I can't recall where but I had read somewhere (different places and different times) the following two pieces of advice:

  1. when playing an interval of two notes one after the other at A-hertz and B-hertz that the closer A/B is to a fraction of "small" integers, the nicer that interval will sound.

  2. Intervals that sound nice, and in general scales that sound nice give rise to chords that sound nice.

Is there a way to create a rule (1) for chords of 3-or more notes? Like if I have a sequence of notes A_1 hertz, A_2 hertz, A_3 hertz... with the property that A_2/A_1 is close to some small fraction and A_3/A_2 is close to another small fraction etc...

Will the whole thing necessarily sound like a decent chord?
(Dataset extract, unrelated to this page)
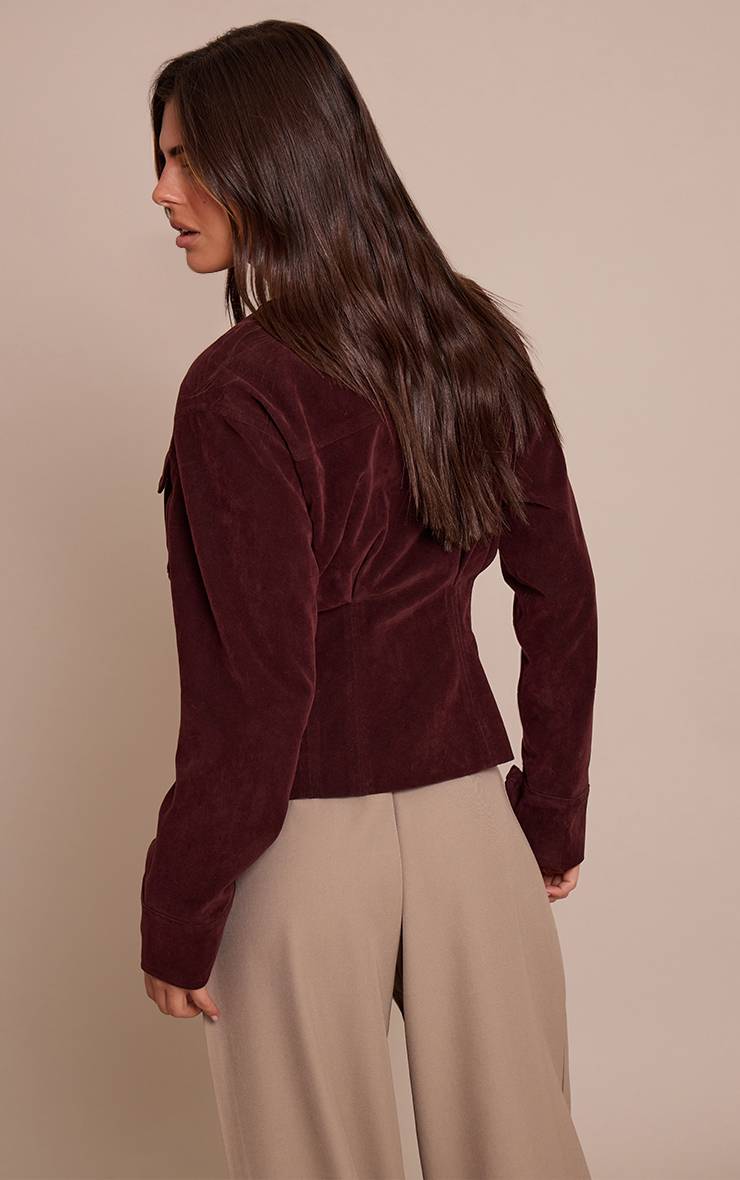 Rouge Bordeaux Veste Cintrée À La Taille Avec Boutons Recouverts En Faux Suède
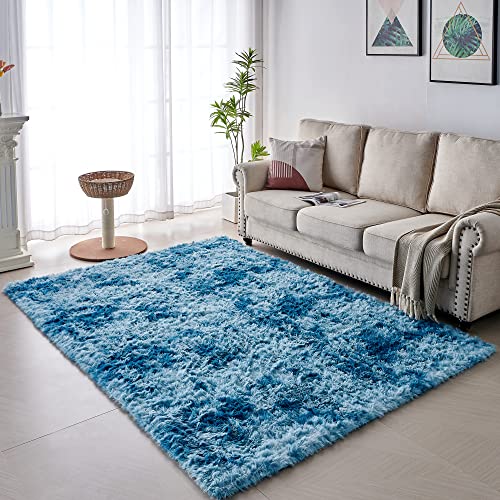 VOFUSHON Tapete de salão de pelo alto, moderno, macio e macio, multicolorido, estilo batik, para sala de estar, quarto, quarto das crianças (azul-marinho, 160 x 230 cm)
Or does the cross note interaction like A_3/A_1 need to also be close to another small fraction.

Can this be stated in a different framework perhaps? (Like if A1, A2, A3 can be rounded with very little change to integers that share a very large Least Common Multiple then they will sound consonant together)

My motivation is exploring creating microtonal chords.

4 Answers 4


If you want to get into a purely quantitative view, probably skip the term "nice" and use "consonant" instead.

The idea is simpler frequency ratios are more consonant. So unison 1:1 is most consonant, next the octave 2:1, then the perfect fifth 3:2, etc.

IMO it doesn't take long before you get to the point where the quantitative doesn't really match up to music aesthetics. The perfect fourth would be next on the list at 4:3, but in the Classical tradition it was treated as a dissonance. The sense of stability and consonance of thirds and sixths has a lot more to do with their placement in a key than any absolute, quantitative measure by ratio.

The other thing complicating a quantitative approach is the different tuning systems. The ratios above are all "just intonation" but today most everything is tuned to equal temperament where all intervals except octaves are slightly out of tune with "just." For example, in equal temperament perfect fifths aren't really an interval of 3:2 but they are consider to be such by the phenomena just-noticeable difference.


That's a complex question, but I would agree: generally, intervals close to small integer ratios sound more consonant (or perhaps less complex would be a more neutral way of putting it) than those of higher integer ratios. But primeness also plays a role. At least for me, the interval 8/15, the just major seventh, sounds more consonant than 8/11, one of the just "tritones", even though the lowest common denominator is smaller. There's also the factor of which note is at the bottom of an interval or chord. For instance, the just major chord in second inversion, 3/4/5, sounds less consonant (to me anyway) than in root position, 4/5/6, even though the smallest common denominator is the same.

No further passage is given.